* [WORK INSTRUCTION]: Among the records that follow, set down only the lines from the one containing "Green Knitted Frill Maxi Dress" to the one containing "Famous Golf Courses", both included, exactly.

* [EXTRACTED RECORDS]:
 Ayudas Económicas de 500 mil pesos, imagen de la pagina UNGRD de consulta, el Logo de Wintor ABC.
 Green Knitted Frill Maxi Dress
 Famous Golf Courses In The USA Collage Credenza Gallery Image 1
...
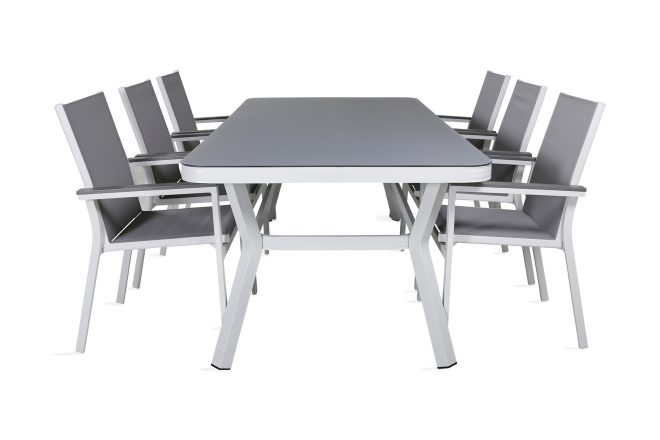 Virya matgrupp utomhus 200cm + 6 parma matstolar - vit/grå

* [RESPONSE BOX]:
 Green Knitted Frill Maxi Dress
 Famous Golf Courses In The USA Collage Credenza Gallery Image 1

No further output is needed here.